Task objective.
From the listing below, give again exactly the lines from the line with "VINTAGE DISTRESSED CAT-EAR JEANS" to the line with "structure of CAS#", ends included, without any pictures.

***** Records *****

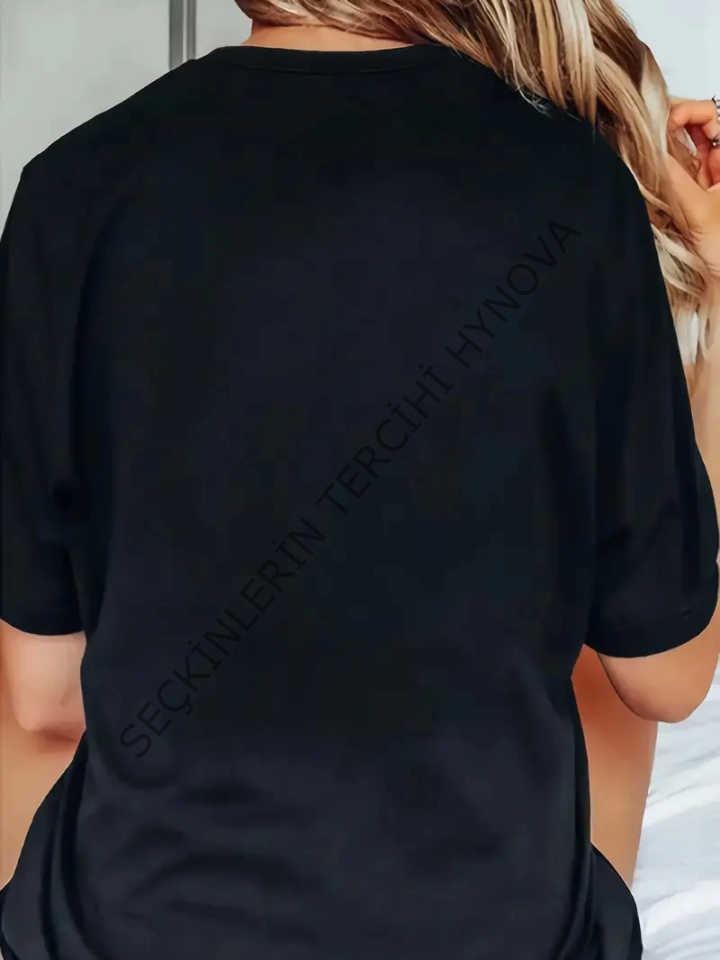 Baskılı Oversize Bisiklet Yaka T-shirt - Siyah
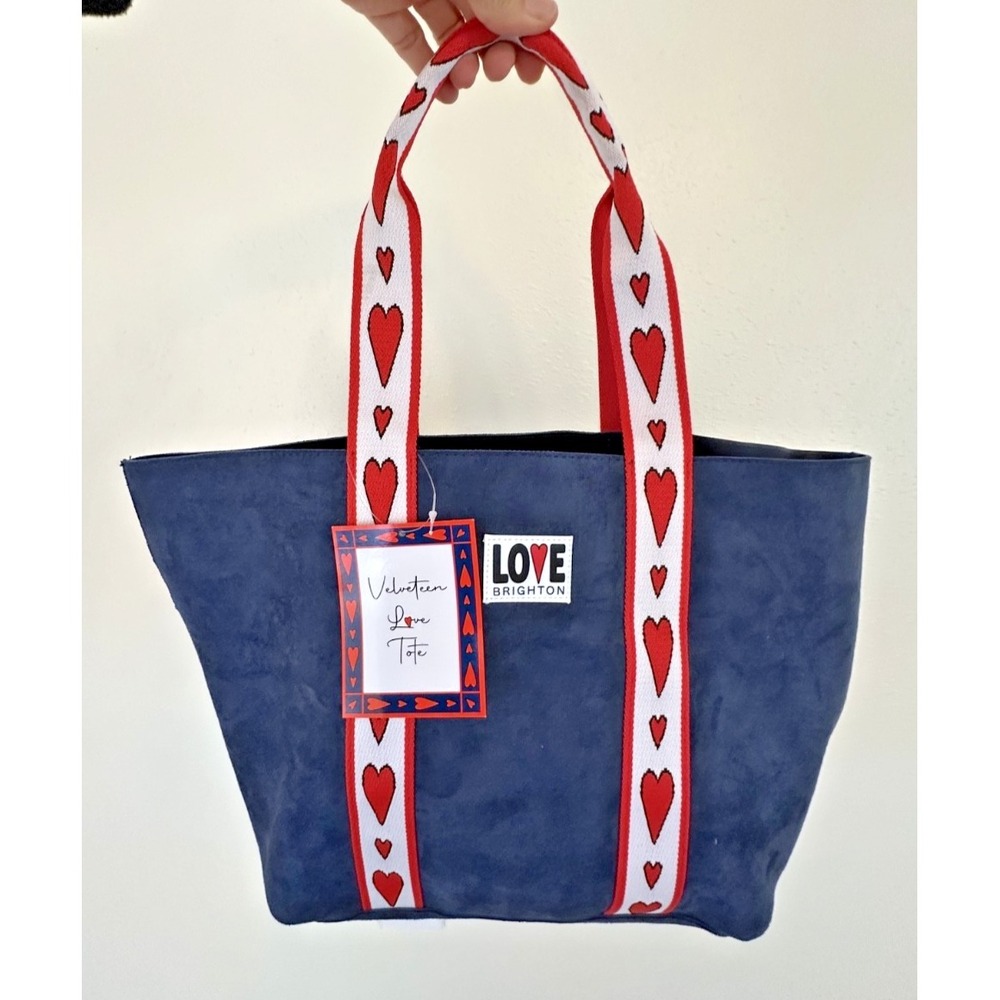 Brighton Velveteen Love Tote Bag Blue with Red Heart Strap D30306 Tags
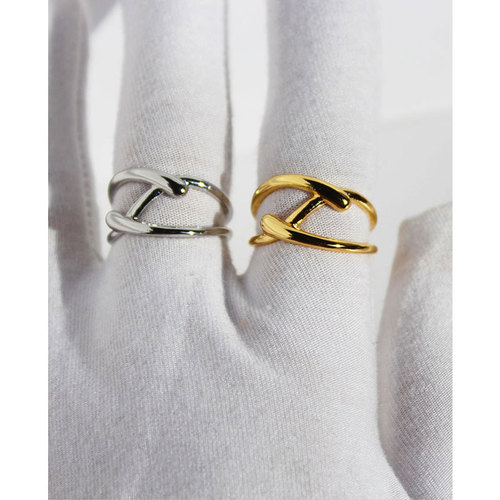 European and American simple fashion geometric lines cross design open ring female ins cold style stacked ring 447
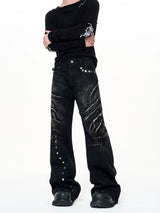 VINTAGE DISTRESSED CAT-EAR JEANS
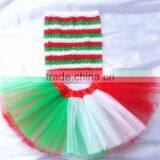 2014 New kids green with red with white chiffon fluffy tutu skirt girl tutu party dress set baby girl christmas clothes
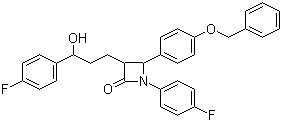 structure of CAS# 163222-32-0, (3R,4S)-1-(4-氟苯基)-3-[(3S)-3-(4-氟苯基)-3-羟基丙基]-4-[4-(苯甲氧基)苯基]-2-氮杂环丁酮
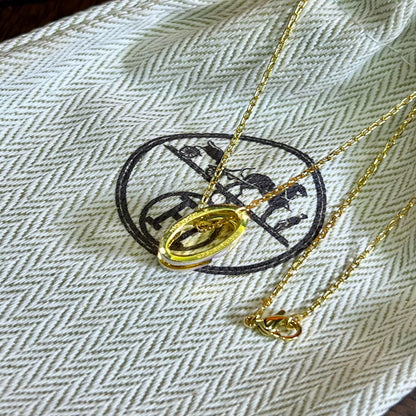 Hermès H-Letter Necklace in Oval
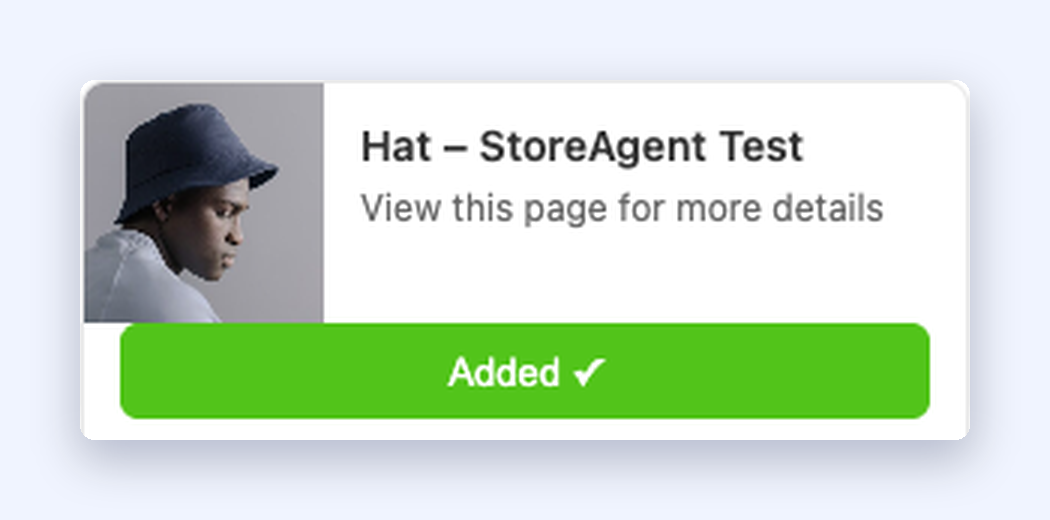 5-added-state – StoreAgent Chat product preview card showing the Added confirmation after clicking Add To Cart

*****

Result of the exercise.
 VINTAGE DISTRESSED CAT-EAR JEANS
 2014 New kids green with red with white chiffon fluffy tutu skirt girl tutu party dress set baby girl christmas clothes
 structure of CAS# 163222-32-0, (3R,4S)-1-(4-氟苯基)-3-[(3S)-3-(4-氟苯基)-3-羟基丙基]-4-[4-(苯甲氧基)苯基]-2-氮杂环丁酮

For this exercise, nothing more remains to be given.